Now, onto something more interesting.  My family and I recently completed reading through the Bible together as a family.  Woohoo!  During the course of our study everyone had the chance to ask questions, offer comments, and voice concerns.  Interestingly, the questions that were asked by my children were not the ones that I find so often advertised in books.  While I certainly recognize the uniqueness of every person, I also found it telling because it raises the possibility that perhaps the folks at the brain trust (wherever or whatever that may be) are answering the wrong questions.

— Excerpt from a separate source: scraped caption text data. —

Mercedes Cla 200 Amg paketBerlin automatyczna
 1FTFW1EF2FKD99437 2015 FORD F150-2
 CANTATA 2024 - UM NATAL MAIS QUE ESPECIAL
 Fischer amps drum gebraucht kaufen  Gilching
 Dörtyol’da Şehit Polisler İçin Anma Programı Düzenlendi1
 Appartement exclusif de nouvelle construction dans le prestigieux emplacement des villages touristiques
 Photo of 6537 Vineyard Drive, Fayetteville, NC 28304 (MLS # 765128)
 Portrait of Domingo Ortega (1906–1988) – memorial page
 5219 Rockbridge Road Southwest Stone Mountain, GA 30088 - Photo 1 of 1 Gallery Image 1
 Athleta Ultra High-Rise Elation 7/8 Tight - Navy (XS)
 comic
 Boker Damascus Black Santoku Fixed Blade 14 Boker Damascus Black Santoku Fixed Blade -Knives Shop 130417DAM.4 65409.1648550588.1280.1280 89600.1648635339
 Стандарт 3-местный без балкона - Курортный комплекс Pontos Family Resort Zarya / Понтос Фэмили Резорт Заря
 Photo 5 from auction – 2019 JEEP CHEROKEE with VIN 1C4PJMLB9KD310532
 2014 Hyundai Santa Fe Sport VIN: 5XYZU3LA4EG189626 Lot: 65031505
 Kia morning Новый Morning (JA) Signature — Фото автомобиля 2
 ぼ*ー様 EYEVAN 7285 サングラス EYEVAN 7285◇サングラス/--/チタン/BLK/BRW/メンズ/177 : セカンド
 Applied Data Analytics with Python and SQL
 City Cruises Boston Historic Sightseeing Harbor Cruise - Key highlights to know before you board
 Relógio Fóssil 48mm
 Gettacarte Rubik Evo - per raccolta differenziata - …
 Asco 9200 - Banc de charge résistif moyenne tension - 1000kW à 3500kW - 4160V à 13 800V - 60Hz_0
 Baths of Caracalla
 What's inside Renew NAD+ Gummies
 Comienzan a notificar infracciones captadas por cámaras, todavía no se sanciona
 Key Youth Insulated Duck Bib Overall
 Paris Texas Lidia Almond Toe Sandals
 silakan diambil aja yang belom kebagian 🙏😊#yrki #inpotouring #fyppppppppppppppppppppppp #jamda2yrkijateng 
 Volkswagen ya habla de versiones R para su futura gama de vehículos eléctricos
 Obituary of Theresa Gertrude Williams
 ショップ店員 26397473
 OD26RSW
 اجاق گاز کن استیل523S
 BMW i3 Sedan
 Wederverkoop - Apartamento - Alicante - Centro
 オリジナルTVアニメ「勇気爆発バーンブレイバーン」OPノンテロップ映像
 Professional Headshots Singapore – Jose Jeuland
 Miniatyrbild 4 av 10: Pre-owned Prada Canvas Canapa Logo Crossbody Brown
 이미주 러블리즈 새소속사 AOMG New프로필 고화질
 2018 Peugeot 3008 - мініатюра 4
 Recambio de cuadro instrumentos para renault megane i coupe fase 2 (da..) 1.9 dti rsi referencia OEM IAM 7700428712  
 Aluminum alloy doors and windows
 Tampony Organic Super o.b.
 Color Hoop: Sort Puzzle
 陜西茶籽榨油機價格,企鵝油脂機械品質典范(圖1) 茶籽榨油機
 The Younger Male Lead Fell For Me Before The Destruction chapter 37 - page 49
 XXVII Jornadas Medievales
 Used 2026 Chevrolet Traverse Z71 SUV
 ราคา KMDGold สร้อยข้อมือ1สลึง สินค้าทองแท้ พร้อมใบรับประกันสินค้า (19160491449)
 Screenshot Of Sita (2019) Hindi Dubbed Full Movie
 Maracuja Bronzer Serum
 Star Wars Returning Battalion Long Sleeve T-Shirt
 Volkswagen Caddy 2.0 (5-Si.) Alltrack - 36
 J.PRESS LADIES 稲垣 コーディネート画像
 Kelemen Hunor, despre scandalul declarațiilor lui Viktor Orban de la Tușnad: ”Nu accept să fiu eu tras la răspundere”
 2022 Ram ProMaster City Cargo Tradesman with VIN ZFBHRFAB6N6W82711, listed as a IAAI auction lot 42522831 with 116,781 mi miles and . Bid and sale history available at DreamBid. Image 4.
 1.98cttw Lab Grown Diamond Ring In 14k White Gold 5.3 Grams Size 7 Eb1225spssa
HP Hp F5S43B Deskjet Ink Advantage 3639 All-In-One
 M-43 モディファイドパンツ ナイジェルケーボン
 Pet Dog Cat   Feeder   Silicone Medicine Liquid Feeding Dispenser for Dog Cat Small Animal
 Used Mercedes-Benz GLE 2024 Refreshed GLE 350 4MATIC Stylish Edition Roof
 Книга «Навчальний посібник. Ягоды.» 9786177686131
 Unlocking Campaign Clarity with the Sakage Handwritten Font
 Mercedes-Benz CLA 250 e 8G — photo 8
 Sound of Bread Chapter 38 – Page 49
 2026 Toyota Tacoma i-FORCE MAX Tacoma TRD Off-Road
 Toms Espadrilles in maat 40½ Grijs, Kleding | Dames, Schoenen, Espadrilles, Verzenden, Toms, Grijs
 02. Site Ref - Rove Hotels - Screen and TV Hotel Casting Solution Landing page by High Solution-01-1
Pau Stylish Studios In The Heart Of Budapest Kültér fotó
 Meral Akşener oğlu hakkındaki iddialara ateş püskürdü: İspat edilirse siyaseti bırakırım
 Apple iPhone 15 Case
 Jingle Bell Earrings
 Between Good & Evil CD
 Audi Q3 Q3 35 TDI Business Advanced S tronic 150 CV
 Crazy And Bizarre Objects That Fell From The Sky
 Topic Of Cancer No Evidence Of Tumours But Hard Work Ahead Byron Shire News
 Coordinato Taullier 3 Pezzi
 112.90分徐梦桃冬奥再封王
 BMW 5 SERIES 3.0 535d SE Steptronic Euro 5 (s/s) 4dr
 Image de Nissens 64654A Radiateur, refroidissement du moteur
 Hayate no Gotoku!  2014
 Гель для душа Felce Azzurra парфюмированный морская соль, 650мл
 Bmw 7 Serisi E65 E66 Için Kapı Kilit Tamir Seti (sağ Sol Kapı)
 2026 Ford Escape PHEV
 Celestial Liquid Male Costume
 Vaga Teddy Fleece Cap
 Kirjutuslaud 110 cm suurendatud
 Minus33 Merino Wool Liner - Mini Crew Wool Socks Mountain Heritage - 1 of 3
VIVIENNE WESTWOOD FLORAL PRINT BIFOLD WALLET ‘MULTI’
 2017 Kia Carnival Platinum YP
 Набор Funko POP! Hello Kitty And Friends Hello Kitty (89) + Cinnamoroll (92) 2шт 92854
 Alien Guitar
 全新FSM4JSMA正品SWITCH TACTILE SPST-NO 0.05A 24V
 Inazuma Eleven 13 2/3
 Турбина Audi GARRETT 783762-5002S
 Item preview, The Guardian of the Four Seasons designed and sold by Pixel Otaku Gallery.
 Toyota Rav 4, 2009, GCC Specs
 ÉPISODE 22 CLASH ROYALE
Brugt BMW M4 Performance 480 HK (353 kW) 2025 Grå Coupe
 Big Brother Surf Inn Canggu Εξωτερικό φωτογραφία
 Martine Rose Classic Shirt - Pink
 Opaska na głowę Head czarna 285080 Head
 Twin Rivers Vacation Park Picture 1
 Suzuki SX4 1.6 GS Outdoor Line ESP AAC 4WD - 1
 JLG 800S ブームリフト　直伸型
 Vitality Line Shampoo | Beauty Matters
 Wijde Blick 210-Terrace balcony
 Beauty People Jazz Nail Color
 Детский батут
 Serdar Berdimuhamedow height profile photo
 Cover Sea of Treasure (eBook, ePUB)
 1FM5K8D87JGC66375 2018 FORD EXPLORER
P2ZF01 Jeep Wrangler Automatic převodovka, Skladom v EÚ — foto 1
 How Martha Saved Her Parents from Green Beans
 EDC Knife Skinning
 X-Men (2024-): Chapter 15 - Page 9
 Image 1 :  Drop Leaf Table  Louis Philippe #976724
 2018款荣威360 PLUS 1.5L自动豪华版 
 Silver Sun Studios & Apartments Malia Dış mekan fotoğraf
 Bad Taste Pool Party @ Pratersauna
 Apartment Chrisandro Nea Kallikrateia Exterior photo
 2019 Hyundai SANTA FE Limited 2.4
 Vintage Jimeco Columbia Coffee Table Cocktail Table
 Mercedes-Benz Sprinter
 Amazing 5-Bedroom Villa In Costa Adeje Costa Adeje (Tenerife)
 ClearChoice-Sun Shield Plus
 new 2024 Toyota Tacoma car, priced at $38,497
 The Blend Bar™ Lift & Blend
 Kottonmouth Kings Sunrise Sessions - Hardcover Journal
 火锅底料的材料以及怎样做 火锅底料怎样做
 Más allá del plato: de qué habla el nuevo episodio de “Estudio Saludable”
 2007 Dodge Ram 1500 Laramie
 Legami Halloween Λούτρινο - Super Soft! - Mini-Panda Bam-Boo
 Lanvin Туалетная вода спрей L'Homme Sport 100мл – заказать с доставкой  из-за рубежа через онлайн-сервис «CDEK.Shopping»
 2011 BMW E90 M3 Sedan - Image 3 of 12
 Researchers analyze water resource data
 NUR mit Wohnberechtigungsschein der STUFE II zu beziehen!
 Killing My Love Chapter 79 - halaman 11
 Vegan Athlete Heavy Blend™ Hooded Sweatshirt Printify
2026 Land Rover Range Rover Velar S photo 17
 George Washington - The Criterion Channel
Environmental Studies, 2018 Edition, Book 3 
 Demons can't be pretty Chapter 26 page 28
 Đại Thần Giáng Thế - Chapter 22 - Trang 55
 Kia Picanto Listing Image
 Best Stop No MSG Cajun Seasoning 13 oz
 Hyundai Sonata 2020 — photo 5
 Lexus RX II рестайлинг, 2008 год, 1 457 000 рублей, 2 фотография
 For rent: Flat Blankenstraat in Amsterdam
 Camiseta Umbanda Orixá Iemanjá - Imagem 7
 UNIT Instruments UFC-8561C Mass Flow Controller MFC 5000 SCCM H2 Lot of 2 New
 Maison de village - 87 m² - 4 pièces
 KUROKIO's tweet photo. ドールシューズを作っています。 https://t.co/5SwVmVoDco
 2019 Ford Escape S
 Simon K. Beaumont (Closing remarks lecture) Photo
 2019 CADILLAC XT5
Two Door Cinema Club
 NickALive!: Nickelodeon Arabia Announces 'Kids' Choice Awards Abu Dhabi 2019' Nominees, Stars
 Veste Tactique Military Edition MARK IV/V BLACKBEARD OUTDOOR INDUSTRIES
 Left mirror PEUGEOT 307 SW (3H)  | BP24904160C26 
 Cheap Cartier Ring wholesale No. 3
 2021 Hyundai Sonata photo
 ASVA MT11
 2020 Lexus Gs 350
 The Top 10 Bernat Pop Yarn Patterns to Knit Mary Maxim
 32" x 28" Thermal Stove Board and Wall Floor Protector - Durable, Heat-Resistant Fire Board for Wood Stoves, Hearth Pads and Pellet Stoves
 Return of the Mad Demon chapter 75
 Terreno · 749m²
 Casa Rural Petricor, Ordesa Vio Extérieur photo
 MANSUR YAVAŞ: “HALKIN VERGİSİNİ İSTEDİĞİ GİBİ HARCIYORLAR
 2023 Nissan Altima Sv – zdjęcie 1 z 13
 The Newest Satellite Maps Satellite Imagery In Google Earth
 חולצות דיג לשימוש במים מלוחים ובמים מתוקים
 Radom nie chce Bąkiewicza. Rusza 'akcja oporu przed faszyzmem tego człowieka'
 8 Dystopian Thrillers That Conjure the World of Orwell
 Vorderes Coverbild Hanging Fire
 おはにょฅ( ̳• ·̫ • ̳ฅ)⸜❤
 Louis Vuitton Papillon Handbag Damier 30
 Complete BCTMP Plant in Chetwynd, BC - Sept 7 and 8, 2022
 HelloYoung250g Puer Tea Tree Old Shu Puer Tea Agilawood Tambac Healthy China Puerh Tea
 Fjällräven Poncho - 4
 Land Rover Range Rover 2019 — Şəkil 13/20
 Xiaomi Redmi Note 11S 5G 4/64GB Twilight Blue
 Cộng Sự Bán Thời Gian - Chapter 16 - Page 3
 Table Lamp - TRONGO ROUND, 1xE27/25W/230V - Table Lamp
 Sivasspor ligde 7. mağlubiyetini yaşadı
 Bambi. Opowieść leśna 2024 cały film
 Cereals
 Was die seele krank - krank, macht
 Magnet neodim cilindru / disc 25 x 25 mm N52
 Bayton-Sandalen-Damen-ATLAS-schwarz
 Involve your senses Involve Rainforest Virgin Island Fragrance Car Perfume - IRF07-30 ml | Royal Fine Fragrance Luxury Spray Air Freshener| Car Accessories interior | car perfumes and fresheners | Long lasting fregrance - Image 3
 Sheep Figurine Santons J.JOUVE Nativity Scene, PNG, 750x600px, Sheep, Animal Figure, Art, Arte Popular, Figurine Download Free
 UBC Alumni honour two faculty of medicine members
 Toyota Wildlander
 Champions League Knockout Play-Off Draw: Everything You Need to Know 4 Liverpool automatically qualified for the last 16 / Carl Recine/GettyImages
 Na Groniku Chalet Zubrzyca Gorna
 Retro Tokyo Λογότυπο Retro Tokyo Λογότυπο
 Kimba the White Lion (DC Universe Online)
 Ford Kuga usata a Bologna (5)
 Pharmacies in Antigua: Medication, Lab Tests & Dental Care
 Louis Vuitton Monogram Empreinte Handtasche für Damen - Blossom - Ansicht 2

For instance, Natasha Crain wrote a book titled Keeping Your Kids on God’s Side.  While I confess that I have not read the book, the table of contents lays out all the questions it seeks to answer.  Of 40 questions in the book, my children asked at most 3 that I can recall, and this is over the course of reading through the entire Bible around the supper table.

I am certain that Natasha’s book is an excellent guide for conversations around the table, but I am curious who the questions are really for: the parent or child.  I encourage my children to ask questions, but they should be their questions and not mine imposed on them.  At the same time, I am okay with it if they don’t ask a lot of questions.  After all, as my grandfather used to say, “It’s their little red wagon and they’ll pull it how they want.”

All of this is to say that I am extremely proud of my family for the reading accomplishment. And yes, as a father and husband, I am extremely biased in this regard.